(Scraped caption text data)
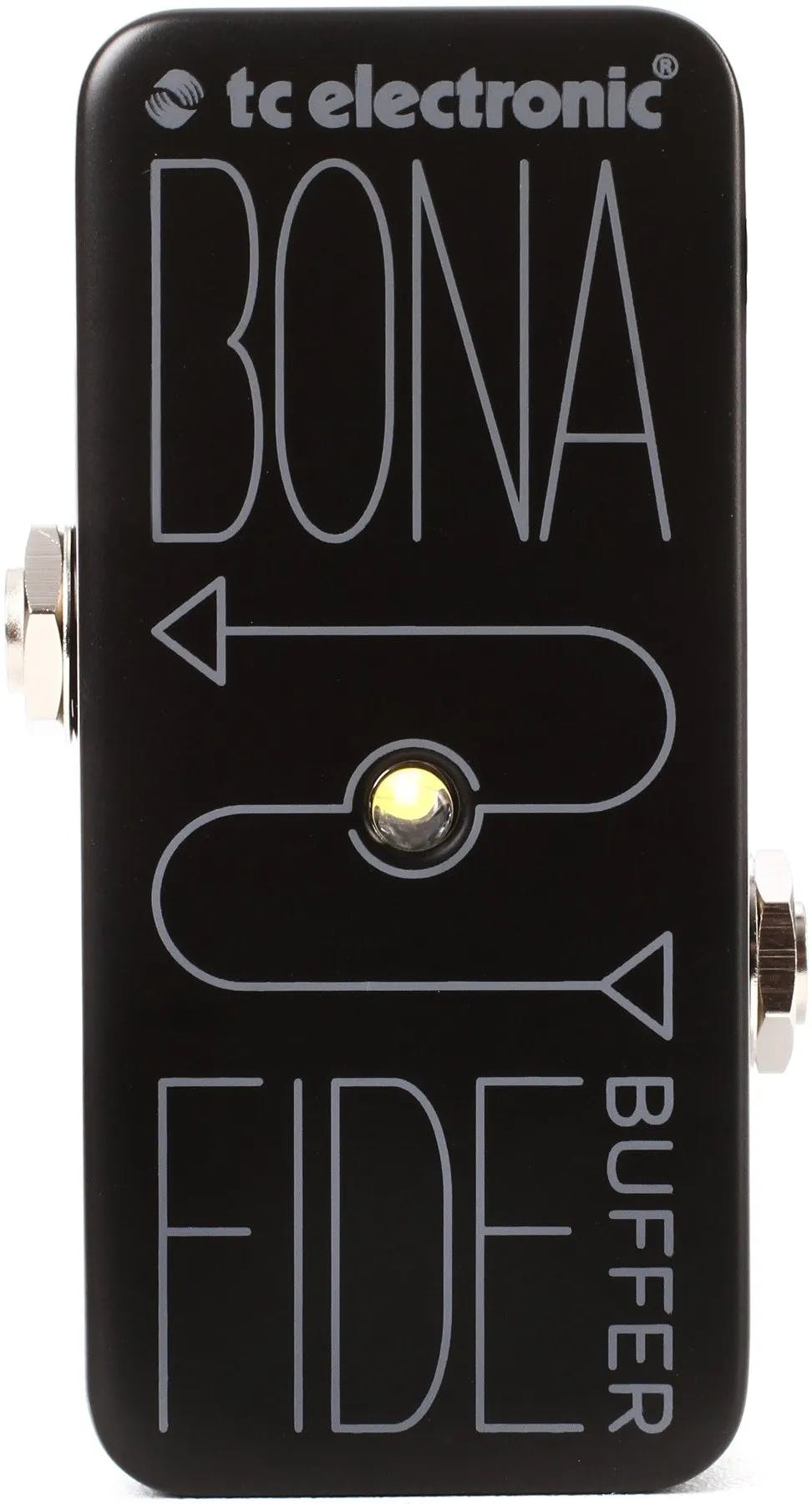 Bonafide Buffer Guitar Pedal By TC Electronic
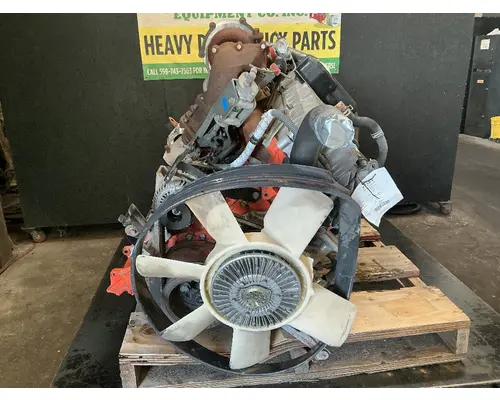 ISUZU 6HK1 Engine Assembly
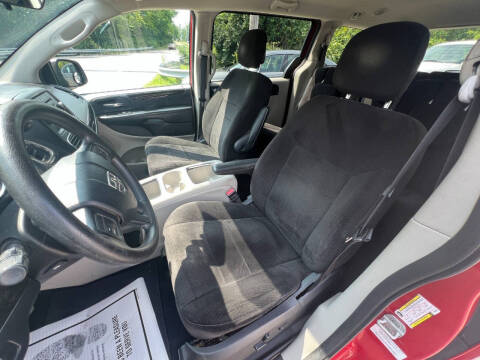 2012 Dodge Grand Caravan SXT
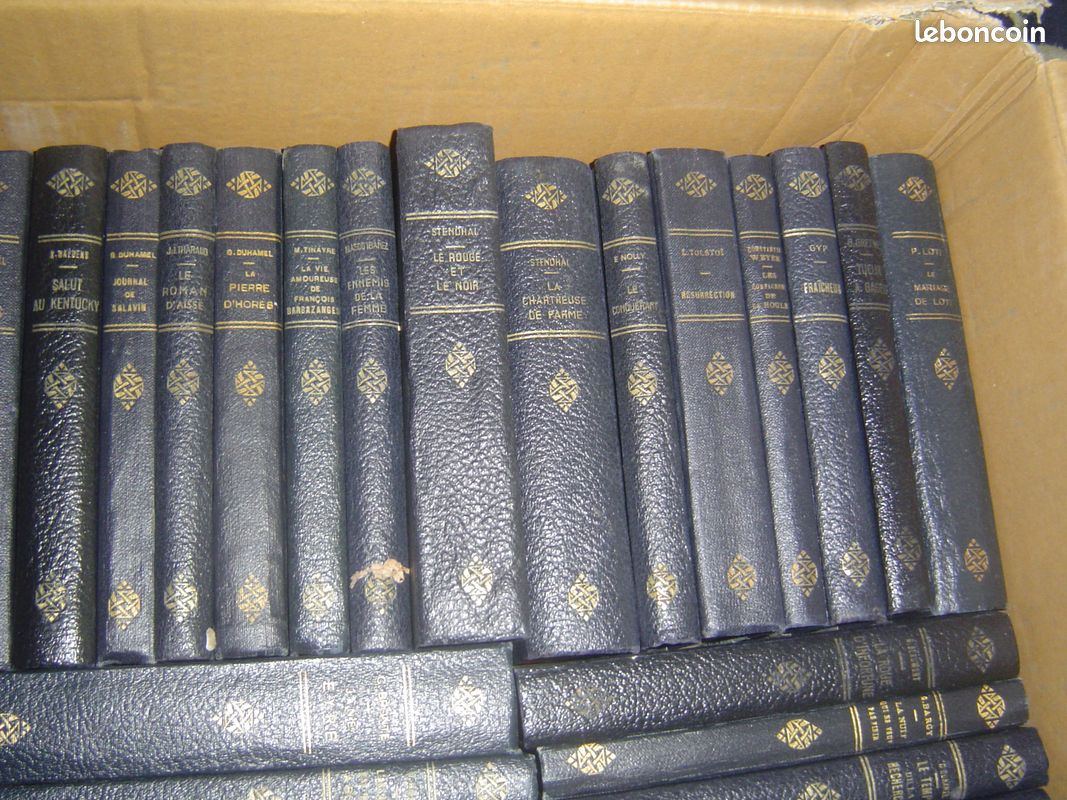 52 livres anciens (image 3)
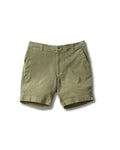 Corduroy Trail Shorts 8" - Dusty Olive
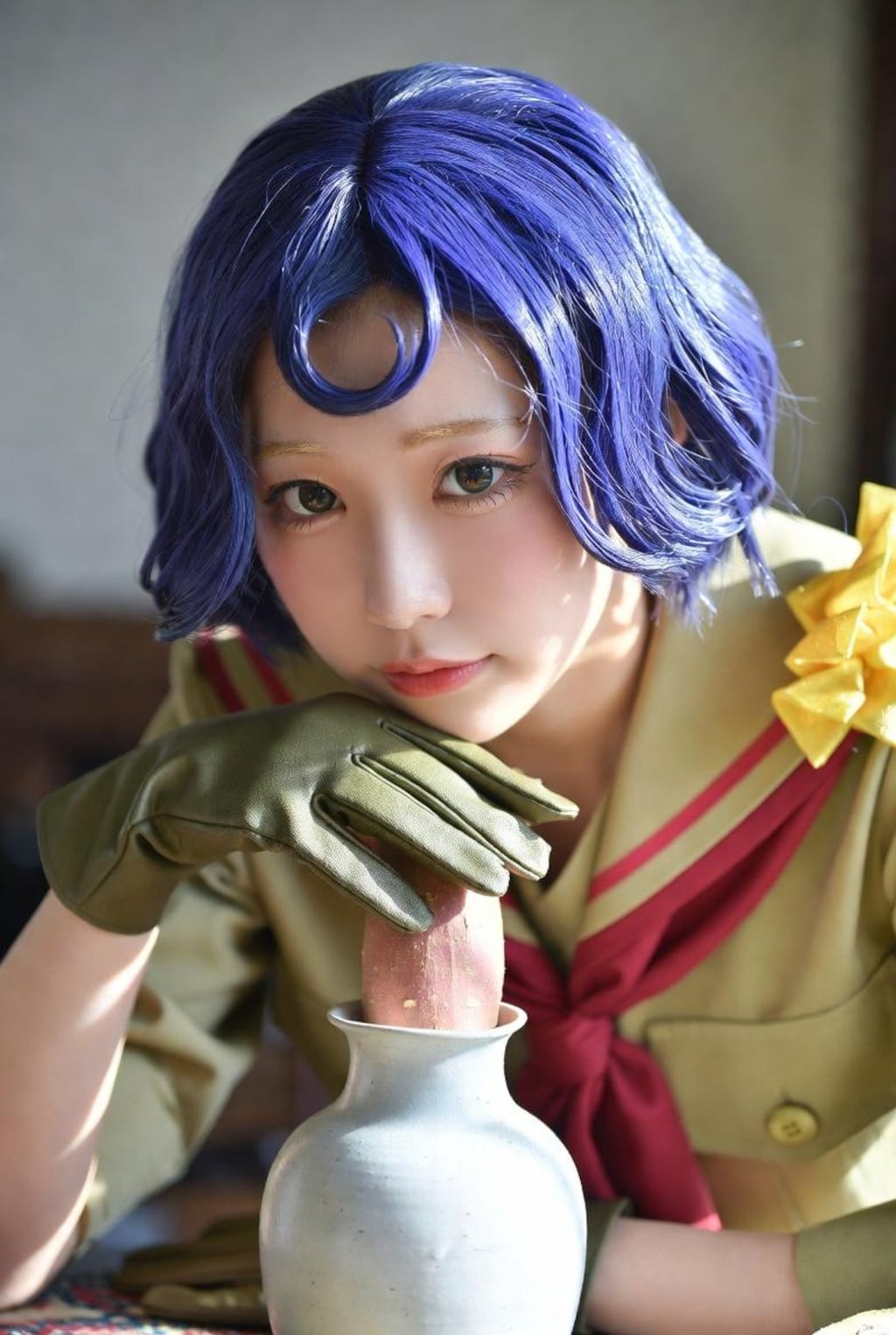あれはいい芋だ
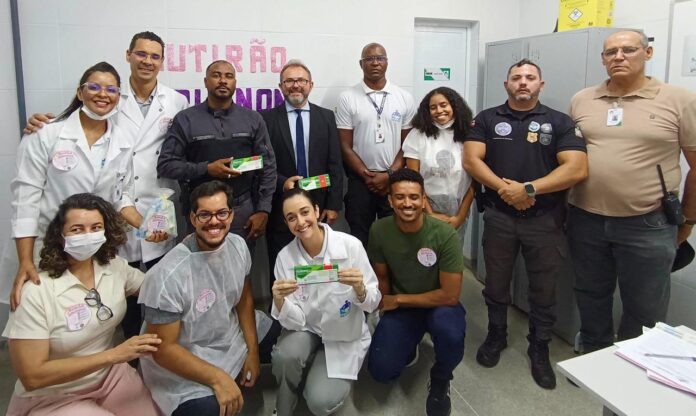 Implanon chega ao Conjunto Penal de Juazeiro e amplia acesso à saúde para mulheres privadas de liberdade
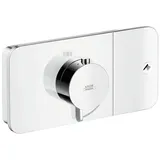 Axor One Unterputz-Duscharmatur mit Thermostat, 45711000,
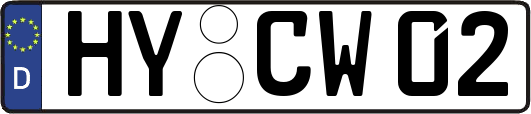 HY-CW02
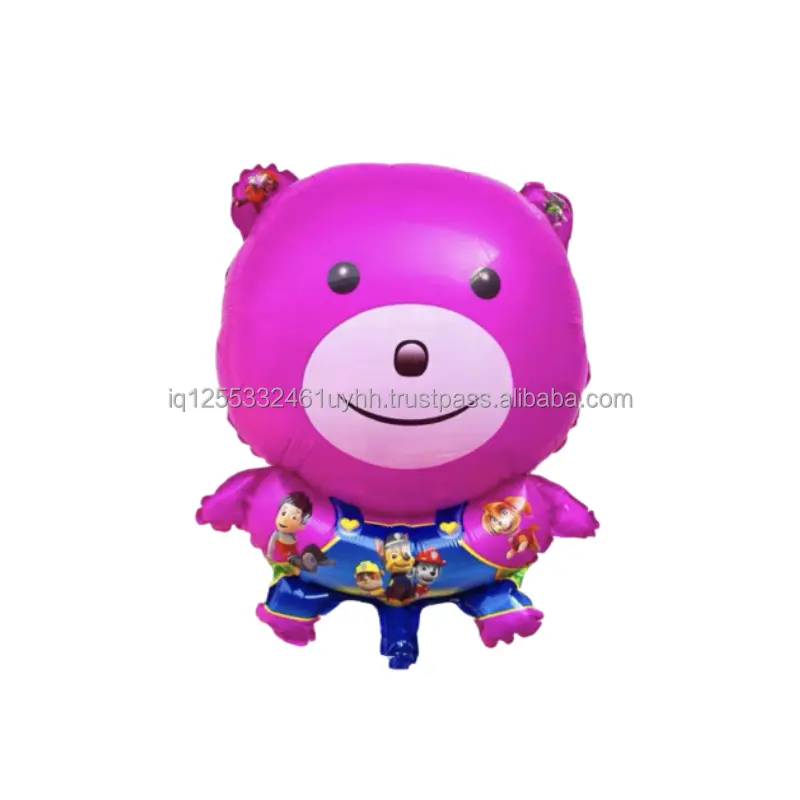 Factory Price Party Balloons Medium Size Cartoon Animal Shape Balloons For Holiday Theme Party Decoration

Required action:
The result should be an exact copy of every entry above, with no pictures included.

Response to this task:
 Bonafide Buffer Guitar Pedal By TC Electronic
 ISUZU 6HK1 Engine Assembly
 2012 Dodge Grand Caravan SXT
 52 livres anciens (image 3)
 Corduroy Trail Shorts 8" - Dusty Olive
あれはいい芋だ
 Implanon chega ao Conjunto Penal de Juazeiro e amplia acesso à saúde para mulheres privadas de liberdade
 Axor One Unterputz-Duscharmatur mit Thermostat, 45711000,
 HY-CW02
 Factory Price Party Balloons Medium Size Cartoon Animal Shape Balloons For Holiday Theme Party Decoration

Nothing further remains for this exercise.